The documentary Baby God, from first-time director Hannah Olson and executive produced by Academy Award nominees Heidi Ewing and Rachel Grady, is a shocking examination of the work of a Las Vegas fertility specialist, Dr. Quincy Fortier, and the many women he guided to pregnancy through the use of his own sperm, often without their knowledge or consent. The documentary follows his newly discovered offspring as they grapple with the scope of his misdeeds and the impact that his genes may have on their own identities.
Post-production finishing for the film was completed at Goldcrest Post in New York. Senior colorist Marcy Robinson worked with Olson and cinematographer Justin Zweifach in applying the final color grade, blending expansive original material and a huge assortment of archival media into a seamless, gripping narrative.
Visually, the film is simple and naturalistic, almost austere, an aesthetic that allows the horrifying sadness of the story to speak for itself. Zweifach, who worked with a Canon C300 camera, captured both interview segments and exterior landscapes of Nevada, Utah and Minnesota, where the principals reside, in a spare and hauntingly beautiful manner.
“The film tells one big story, and many smaller, more intimate stories,” he explains. “There are the horrendous actions of Fortier, and then you have deeply personal stories of people struggling with their identity. We wanted to find a way to capture both, so we contrast the epic landscapes where the story takes place with details like people’s faces and hands. This disarmingly simple concept was refined during color sessions at Goldcrest Post. Robinson’s task was to establish cohesion between the pristine original material and the extensive archival media gathered by Olson. The latter included decades old home movies, black & white photographs, grainy news footage, medical micro-photography, and much more.
Olson says that Robinson’s background in print photography gave her a natural feel for the archival media. “She thinks about color in a very naturalistic way,” Olson says. “She doesn’t like to use colors that can’t be produced photo-chemically. I loved that because so much of this film derives from archival film and home movies. Her approach to that made sense.”
“Marcy’s approach to color is instinctual,” adds Zweifach. “She brought something natural and beautiful to the imagery, without calling attention to the process.”

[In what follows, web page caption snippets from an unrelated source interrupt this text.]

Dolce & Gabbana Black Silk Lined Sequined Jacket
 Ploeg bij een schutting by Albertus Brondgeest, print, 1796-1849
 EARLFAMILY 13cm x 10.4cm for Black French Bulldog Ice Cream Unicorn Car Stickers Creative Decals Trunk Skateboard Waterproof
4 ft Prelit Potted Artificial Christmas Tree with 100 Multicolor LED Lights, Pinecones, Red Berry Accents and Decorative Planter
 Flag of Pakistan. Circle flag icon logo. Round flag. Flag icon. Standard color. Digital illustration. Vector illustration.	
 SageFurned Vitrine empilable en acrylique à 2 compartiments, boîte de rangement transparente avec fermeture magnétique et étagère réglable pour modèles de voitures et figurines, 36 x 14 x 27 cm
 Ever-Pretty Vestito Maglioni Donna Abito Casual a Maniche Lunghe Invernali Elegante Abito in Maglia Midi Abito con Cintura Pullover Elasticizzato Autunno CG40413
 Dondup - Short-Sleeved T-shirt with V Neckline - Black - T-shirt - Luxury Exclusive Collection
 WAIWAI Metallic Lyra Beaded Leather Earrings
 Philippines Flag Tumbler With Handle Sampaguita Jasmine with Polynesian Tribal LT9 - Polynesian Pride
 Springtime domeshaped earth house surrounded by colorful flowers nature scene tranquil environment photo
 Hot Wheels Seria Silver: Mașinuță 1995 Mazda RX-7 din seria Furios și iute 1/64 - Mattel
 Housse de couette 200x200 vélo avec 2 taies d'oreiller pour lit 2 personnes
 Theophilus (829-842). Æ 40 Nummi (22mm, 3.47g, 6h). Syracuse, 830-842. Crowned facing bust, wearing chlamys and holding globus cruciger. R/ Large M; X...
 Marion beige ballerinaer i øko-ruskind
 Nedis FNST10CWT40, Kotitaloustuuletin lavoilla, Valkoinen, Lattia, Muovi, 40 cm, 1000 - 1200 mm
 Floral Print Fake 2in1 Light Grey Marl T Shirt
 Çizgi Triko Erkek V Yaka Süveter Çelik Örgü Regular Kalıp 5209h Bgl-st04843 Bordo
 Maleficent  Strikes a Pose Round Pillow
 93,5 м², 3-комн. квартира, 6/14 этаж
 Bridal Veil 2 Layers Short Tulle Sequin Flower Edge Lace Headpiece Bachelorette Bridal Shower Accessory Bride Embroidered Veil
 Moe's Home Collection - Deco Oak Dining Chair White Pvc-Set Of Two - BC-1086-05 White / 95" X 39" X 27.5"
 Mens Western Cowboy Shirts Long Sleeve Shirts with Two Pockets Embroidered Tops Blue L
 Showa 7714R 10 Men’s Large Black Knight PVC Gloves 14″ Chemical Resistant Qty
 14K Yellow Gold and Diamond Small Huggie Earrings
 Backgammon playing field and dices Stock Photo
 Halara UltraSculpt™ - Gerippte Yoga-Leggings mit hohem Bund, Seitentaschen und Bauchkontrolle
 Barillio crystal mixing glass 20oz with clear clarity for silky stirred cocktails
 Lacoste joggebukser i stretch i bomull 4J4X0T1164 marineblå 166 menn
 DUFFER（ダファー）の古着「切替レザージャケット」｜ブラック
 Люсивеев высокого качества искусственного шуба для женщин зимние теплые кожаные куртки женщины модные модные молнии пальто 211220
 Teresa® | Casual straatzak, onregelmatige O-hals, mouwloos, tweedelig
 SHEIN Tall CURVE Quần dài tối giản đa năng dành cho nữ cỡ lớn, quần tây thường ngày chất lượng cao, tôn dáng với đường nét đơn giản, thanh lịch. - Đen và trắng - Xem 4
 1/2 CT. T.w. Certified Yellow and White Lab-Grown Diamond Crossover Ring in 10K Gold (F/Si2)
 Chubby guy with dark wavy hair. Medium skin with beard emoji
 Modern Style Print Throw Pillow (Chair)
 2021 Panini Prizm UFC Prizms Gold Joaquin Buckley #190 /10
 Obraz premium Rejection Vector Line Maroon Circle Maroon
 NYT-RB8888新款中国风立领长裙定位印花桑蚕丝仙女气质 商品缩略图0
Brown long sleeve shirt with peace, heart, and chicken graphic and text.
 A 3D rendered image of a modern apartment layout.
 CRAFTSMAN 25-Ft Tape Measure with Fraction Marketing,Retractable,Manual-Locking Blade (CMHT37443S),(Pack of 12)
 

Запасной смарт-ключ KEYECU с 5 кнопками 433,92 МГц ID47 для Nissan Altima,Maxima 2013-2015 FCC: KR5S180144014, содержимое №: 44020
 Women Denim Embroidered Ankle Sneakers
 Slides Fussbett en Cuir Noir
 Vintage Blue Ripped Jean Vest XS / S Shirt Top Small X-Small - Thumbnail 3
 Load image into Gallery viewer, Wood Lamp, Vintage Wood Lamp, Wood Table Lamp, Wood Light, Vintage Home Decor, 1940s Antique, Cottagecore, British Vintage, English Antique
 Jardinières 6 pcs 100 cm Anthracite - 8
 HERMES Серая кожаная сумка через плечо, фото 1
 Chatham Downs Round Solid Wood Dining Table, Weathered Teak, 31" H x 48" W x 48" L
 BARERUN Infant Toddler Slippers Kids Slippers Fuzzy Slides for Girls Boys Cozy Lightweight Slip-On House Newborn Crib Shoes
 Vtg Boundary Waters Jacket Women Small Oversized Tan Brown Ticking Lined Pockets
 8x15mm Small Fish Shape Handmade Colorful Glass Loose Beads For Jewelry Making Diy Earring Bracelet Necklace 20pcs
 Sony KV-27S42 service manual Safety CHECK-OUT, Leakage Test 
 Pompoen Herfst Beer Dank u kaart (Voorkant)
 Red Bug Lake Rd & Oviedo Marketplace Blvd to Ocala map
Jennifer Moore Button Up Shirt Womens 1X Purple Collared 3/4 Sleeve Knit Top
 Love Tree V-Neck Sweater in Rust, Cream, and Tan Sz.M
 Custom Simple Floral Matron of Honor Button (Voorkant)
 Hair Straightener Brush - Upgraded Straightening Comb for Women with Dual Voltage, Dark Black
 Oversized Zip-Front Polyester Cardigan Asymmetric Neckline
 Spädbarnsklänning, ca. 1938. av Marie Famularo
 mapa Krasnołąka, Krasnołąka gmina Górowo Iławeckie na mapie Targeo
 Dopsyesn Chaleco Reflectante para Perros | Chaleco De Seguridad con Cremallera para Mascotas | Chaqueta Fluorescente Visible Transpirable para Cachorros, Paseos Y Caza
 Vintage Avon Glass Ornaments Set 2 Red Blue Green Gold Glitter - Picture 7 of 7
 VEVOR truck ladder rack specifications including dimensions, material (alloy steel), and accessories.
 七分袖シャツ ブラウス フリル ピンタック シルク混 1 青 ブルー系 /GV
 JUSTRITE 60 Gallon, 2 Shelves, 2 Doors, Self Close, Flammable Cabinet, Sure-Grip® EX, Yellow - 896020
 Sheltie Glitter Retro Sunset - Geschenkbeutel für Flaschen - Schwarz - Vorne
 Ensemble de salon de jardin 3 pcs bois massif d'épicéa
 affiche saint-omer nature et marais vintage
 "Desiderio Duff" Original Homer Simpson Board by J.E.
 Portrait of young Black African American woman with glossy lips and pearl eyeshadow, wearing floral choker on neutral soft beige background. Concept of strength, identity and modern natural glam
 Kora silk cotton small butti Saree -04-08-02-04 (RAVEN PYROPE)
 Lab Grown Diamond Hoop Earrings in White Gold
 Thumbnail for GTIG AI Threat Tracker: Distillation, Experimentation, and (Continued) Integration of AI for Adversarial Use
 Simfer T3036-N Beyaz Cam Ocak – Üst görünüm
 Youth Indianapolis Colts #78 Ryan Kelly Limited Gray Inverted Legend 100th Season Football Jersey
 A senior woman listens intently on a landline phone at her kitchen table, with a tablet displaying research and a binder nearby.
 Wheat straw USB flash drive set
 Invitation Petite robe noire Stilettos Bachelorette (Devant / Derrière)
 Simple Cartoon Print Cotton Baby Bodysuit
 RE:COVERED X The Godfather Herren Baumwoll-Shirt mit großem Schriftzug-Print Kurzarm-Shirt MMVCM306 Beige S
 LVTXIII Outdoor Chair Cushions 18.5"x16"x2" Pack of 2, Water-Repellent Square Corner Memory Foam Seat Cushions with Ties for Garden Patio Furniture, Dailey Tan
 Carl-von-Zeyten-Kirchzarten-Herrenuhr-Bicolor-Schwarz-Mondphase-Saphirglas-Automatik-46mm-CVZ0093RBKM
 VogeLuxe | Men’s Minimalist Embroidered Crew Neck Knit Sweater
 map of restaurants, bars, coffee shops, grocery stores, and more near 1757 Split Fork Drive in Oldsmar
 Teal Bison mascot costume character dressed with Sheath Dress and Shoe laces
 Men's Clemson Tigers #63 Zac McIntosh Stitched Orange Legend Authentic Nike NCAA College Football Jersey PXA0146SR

Robinson took special care in grading landscape imagery. Much of the film takes place in Las Vegas, which is revealed through panoramic shots of rows of nearly identical houses on the city’s suburban outskirts and sweeping views of the surrounding desert and mountains. “Las Vegas is often presented on film in a garish way,” says Olson. “We wanted to depict it differently. We thought of the landscape as a symbol for the vastness of Fortier’s seed and the space separating his children. It needed to seem limitless and natural.”
Olson says, that, in that way, the color grade, while adhering to realism throughout, plays a vital storytelling role. “The color is constrained, but in a smart, interesting way,” says Olson. “Marcy got the vision of the film. She helped sew the seams together.”
Baby God is now streaming on HBO Max.